Daniele Domingos Monteiro

Lei 14.717/23 institui pensão especial a filhos órfãos de feminicídio, com renda familiar per capita até 1/4 do salário mínimo. Apesar de lacunas, o benefício não exige a qualidade de segurado, diferenciando-se da Pensão por Morte.

quinta-feira, 25 de janeiro de 2024

Atualizado às 07:40

No dia, 31 de outubro de 2023 foi sancionada a lei 14.717, que institui  a pensão especial aos filhos e dependentes, crianças ou adolescentes, órfãos em razão do crime de feminicídio tipificado no inciso VI do § 2º do art. 121 do decreto-lei 2.848, de 7 de dezembro de 1940 (Código Penal), cuja renda familiar mensal per capita seja igual ou inferior a 1/4 do salário-mínimo.

A Lei que conta com apenas 4 artigos, vem com muitas lacunas, o que na pratica poderá trazer mais aflição do que proteção aos beneficiários deste benefício.

O benefício instituído pela lei 14.717/23, ainda que denominado pensão especial, mantém nítido caráter de benefício assistencial, pois não traz a exigencia da qualidade de segurado da instituidora do benefício, ou seja, da vítima do feminicídio. Diferenciando assim do benefício previdenciário - Pensão por Morte, prevista no art. 20 da lei 8213/91, que é pago aos dependentes, apenas quando o instituidor do benefício mantiver a qualidade de segurado na data do óbito.
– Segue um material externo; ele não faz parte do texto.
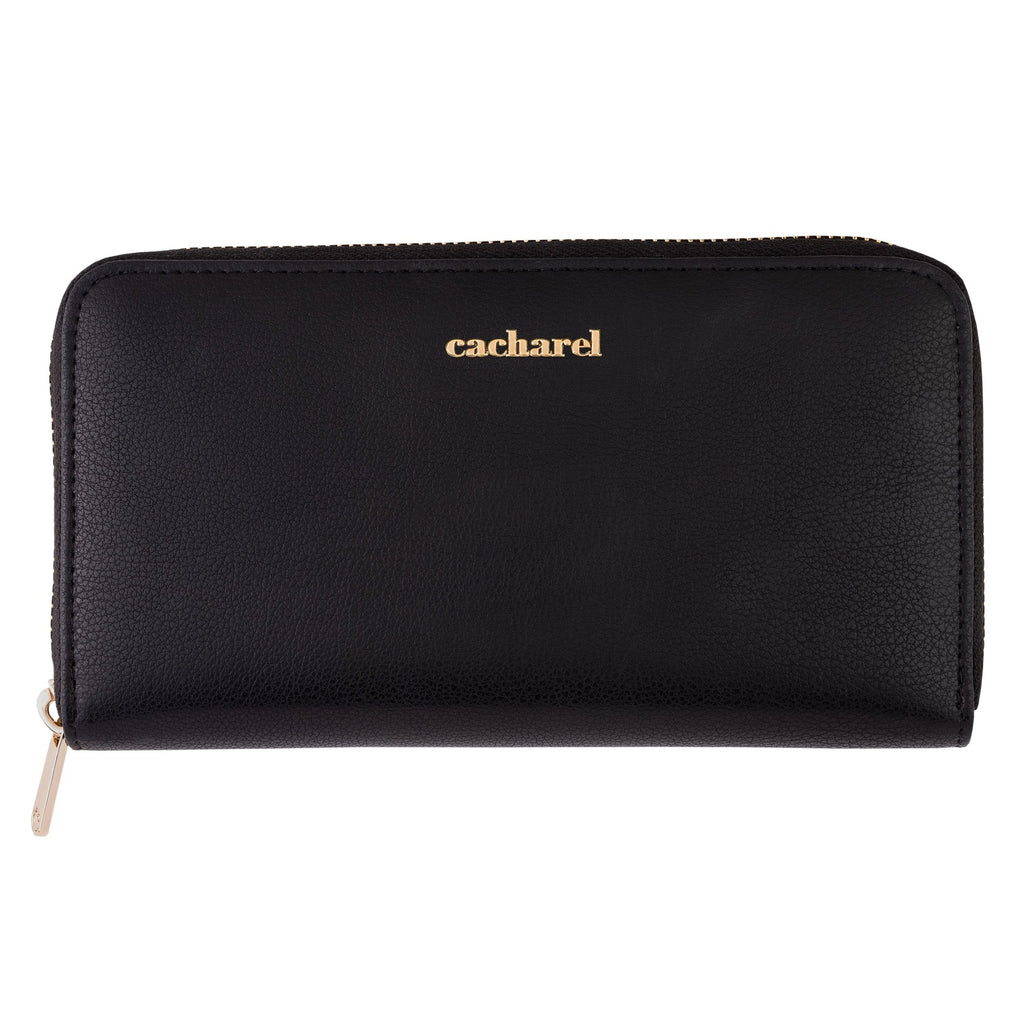  Luxury business gifts for Cacharel Blue lady wallet Timeless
O artigo 1º da lei da lei prevê que a pensão especial será paga aos filhos e dependentes menores de 18 anos de idade, órfãos em razão do crime de feminicídio tipificado no inciso VI do § 2º do art. 121 do decreto-lei 2.848, de 7 de dezembro de 1940 (Código Penal), cuja renda familiar mensal per capita seja igual ou inferior a 1/4 do salário-mínimo.

Analisando a primeira parte do referido artigo, já verificamos que a lei, fixa idade limite para recebimento do beneficio, ou seja, 18 anos. Seguindo assim  a regra do art. 5º do Código Civil, que após a reforma de 2002 fixou a  maioridade civil em 18 anos de idade.

Outro ponto que merece atenção é quanto aos dependentes, pois ao fixar a idade, pela literalidade da lei, os filhos maiores de 18 anos, ainda que dependentes por alguma enfermidade, física ou psíquica, estarão excluídos do direito ao benefício de pensão especial.

Mas um ponto que difere do beneficio previdenciário - Pensão por morte, pois esse beneficio previdenciário é assegurado aos dependentes até 21 anos de idade, e no caso de dependentes, sem limite de idade.

A lei ainda exclui os cônjuges e companheiros atuais da vítima de feminicídio. Desconsiderando que nem todo crime de feminicídio é cometido pelo conjunge ou companheiro atual, e quem muitos, talvez a maioria, são cometidos por ex cônjuges e companheiros, que não aceitam o fim do relacionamento. Assim, os atuais não terão direito ao beneficio.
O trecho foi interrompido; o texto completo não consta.